WHAT IS BEING ASKED -
Your output should be the lines below from the one holding "Feestelijke herfstpompoenen en" through the one holding "De Franse auteur", transcribed exactly, with no pictures.

RECORDS SHOWN -
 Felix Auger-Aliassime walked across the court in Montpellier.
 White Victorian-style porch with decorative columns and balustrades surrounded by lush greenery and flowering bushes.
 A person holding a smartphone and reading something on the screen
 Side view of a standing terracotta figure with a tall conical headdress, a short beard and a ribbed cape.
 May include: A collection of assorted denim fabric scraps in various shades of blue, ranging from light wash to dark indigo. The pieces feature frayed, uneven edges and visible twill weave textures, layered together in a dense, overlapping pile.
* * *
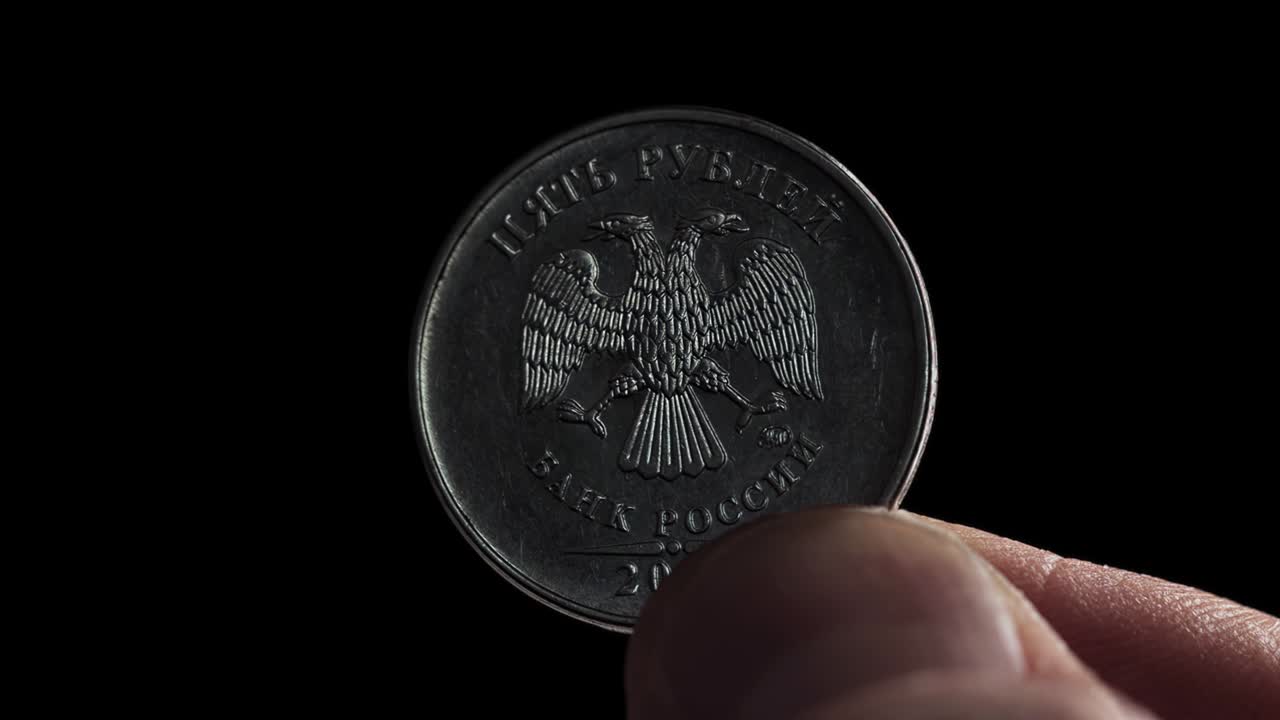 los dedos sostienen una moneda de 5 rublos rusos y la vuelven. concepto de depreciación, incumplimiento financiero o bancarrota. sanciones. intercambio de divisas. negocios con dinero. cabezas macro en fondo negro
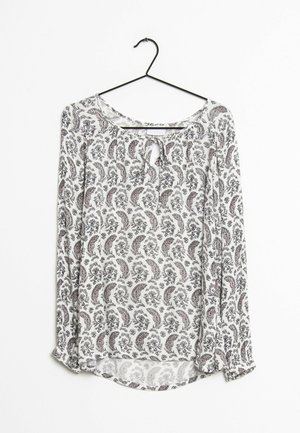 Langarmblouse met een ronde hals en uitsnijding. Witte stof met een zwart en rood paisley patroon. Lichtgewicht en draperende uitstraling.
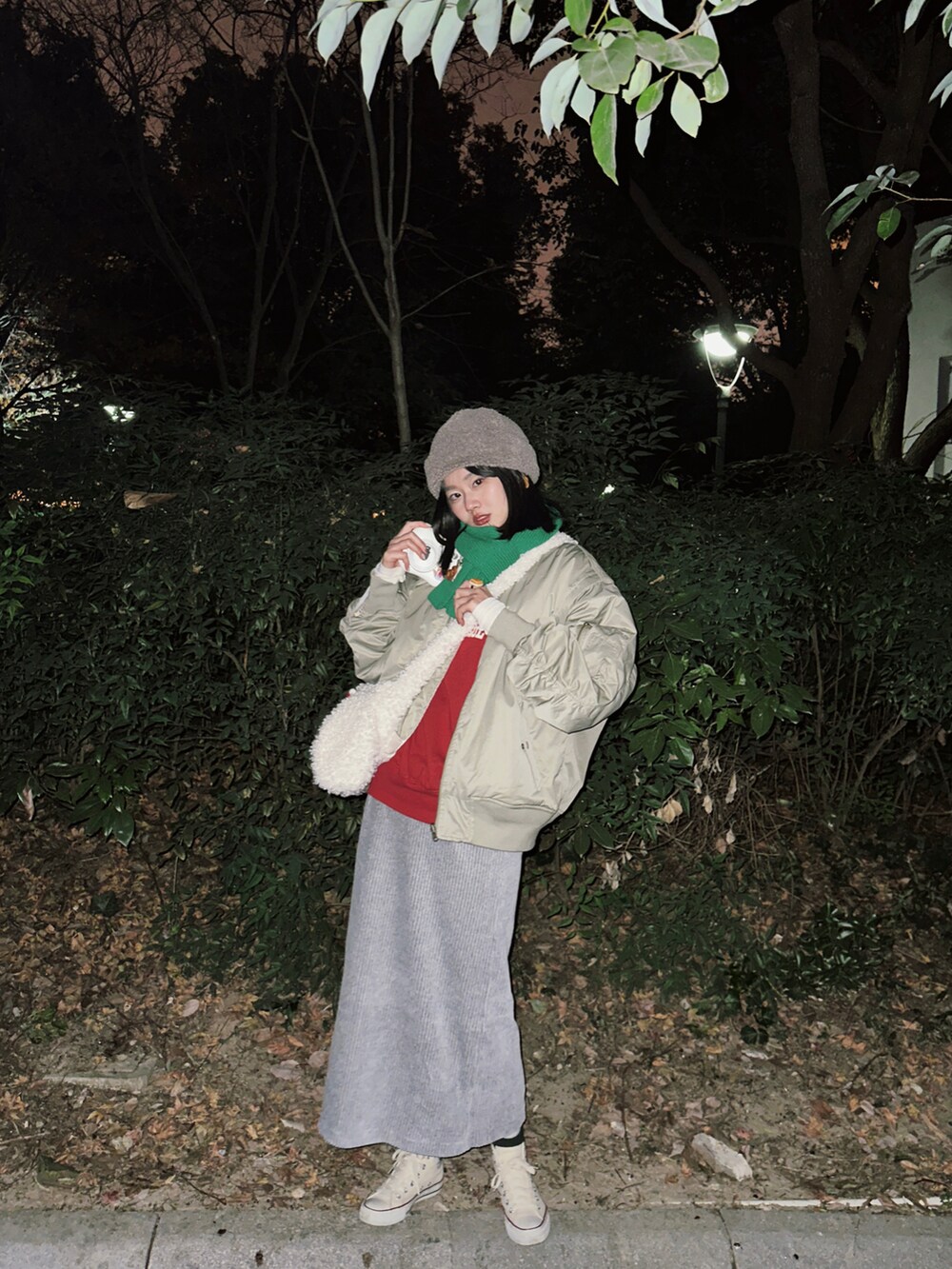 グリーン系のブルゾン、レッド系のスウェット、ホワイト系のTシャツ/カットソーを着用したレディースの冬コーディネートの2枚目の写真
* * *
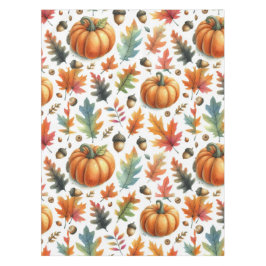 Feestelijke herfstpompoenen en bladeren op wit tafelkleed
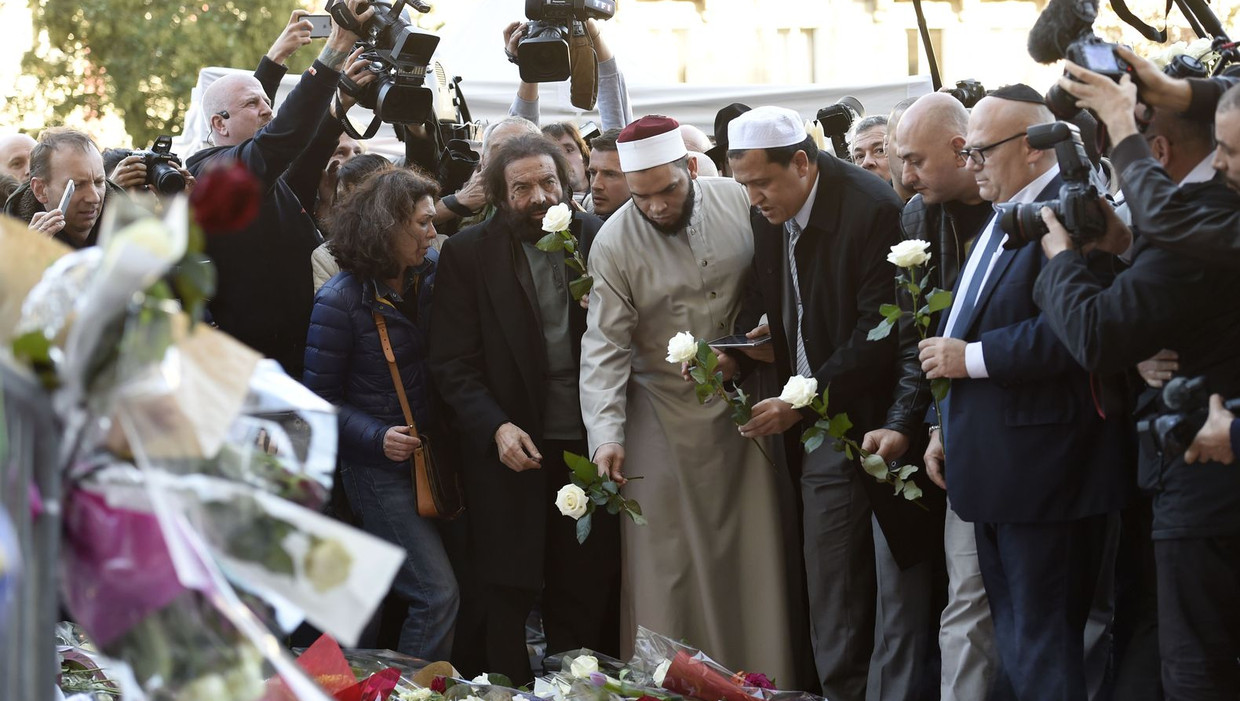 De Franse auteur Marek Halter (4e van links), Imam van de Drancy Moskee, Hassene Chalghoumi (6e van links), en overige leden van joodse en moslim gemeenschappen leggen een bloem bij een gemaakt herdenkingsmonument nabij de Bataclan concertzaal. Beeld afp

EXERCISE RESPONSE -
 Feestelijke herfstpompoenen en bladeren op wit tafelkleed
 De Franse auteur Marek Halter (4e van links), Imam van de Drancy Moskee, Hassene Chalghoumi (6e van links), en overige leden van joodse en moslim gemeenschappen leggen een bloem bij een gemaakt herdenkingsmonument nabij de Bataclan concertzaal. Beeld afp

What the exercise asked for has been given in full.